The energy that goes into doing calculations must end up *somewhere*. Conservation of energy doesn’t stop when you use the energy to do calculations, or do anything else for that matter. Either the energy that you use to do useful things is stored somewhere where it can do more useful things, e.g. in a battery or a compressed spring or a fidget spinner, or it gets wasted as heat and can’t be used usefully anymore.

It just so happens that we don’t have the means to usefully store the energy that goes into performing calculations anywhere. Moreover, the fact standard CPUs are *irreversible* computational devices means that there is a fundamental minimum amount of energy lost in performing those calculations. However, this is a small fraction of the overall energy that gets wasted as heat in modern processors.

Anonymous 0 Comments

I look at it the same way you would look at an air conditioner. All it is doing is moving heat- by the mechanism of evaporation and condensation. The energy used by the air conditioner is purely utilitarian work; its job isn’t to create heat, but rather it’s what’s expelled as the device operates.
Similarly, a cpu MOVES data- which happens to be in the form of electricity- by the same concept. It consumes energy by manipulating those electrical charges inside the computer. The fact that those electrical charges are the same kind of energy as what powers the CPU is incidental.

Anonymous 0 Comments

The calculations don’t consume energy, they just move the energy around from one place to the other. Storing the result takes energy, too. You’re creating heat in every part of the process, not just the middle.

The electricity stays in the system *until* it radiates away as heat.

Anonymous 0 Comments

When water passes through a waterwheel, you get all the water coming out at the end.

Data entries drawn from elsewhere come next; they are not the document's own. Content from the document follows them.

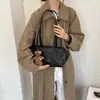 Bolsa de Axila Feminina Nova Estilo Outono/Inverno 2026 Moda High-End Estilo Melade Grande Capacidade Casual Moda Bolsa de Ombro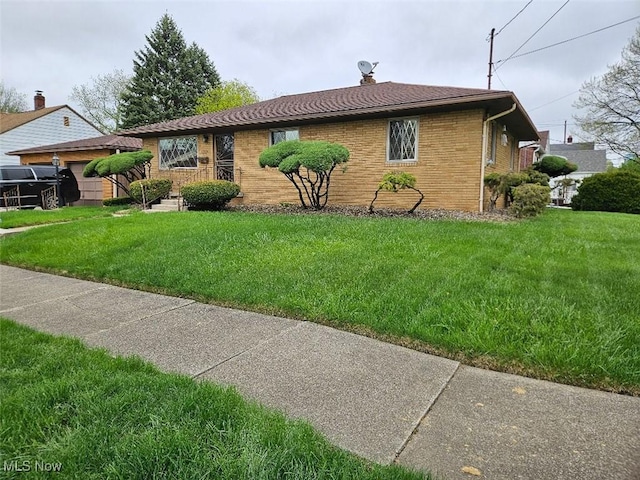 1217 Ada St, Akron, OH 44306 - view of home's exterior with a lawn and brick siding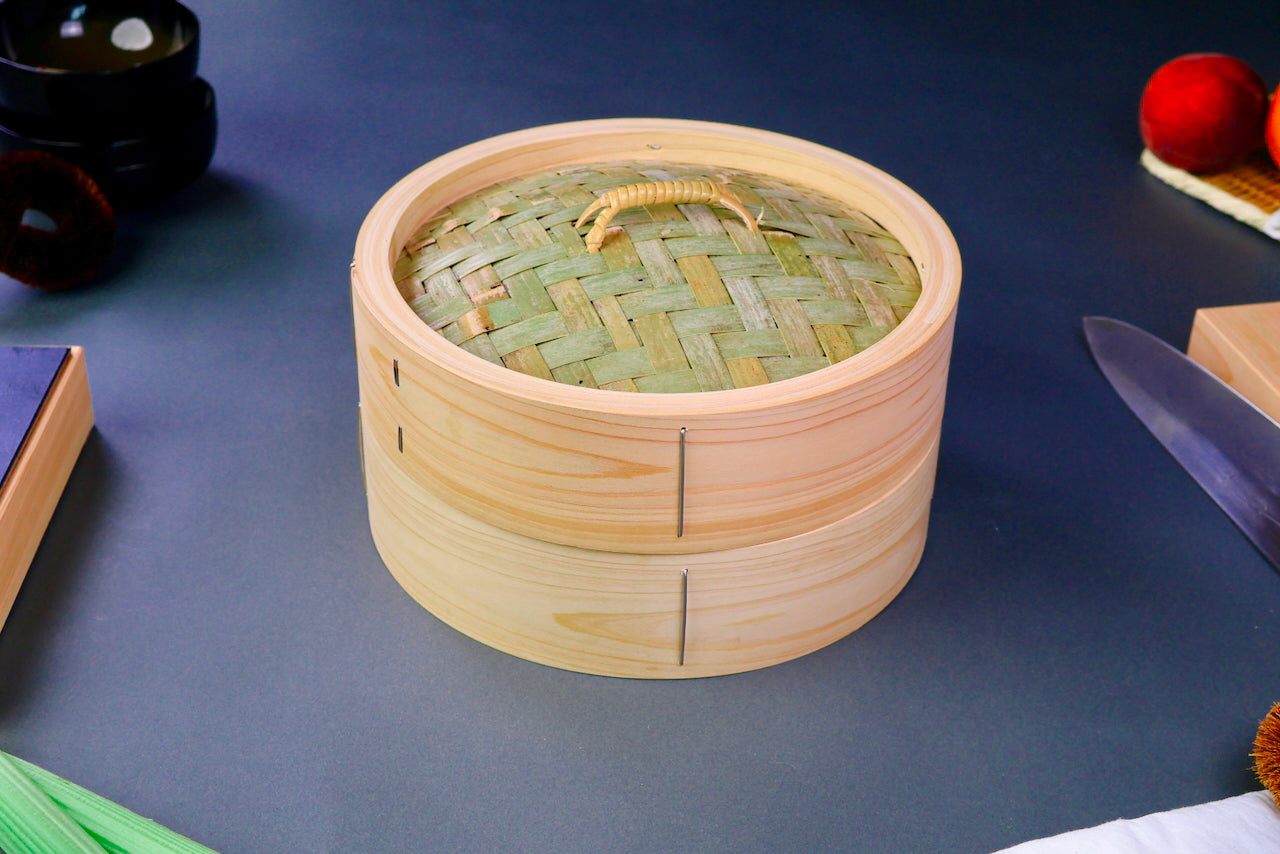 thick wood round bamboo steamer set woven top with loop natural wood tone with printed hiragana surrounded by japanese kitchenware blue gray background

When energy passes through a CPU, you get all the energy coming out at the end. The CPU makes all the energy into heat, because it is easy for electricity moving through wires to become heat, and not so easy to make it into other forms of energy.

Without electricity turning into heat, you cannot calculate. So indeed, your CPU uses energy to calculate, but the way it uses the energy is turning it from one form into another. Everything that “uses” energy turns it from one form into another, frequently as waste heat.

Instead of “using” energy, think of it as “transforming” energy. It is more valuable to have orderly energy than unorderly energy. Everything moving in one direction is useful. Everything moving uniformly randomly is heat: hard to make use of it. Once you make use of orderly energy, it becomes unorderly.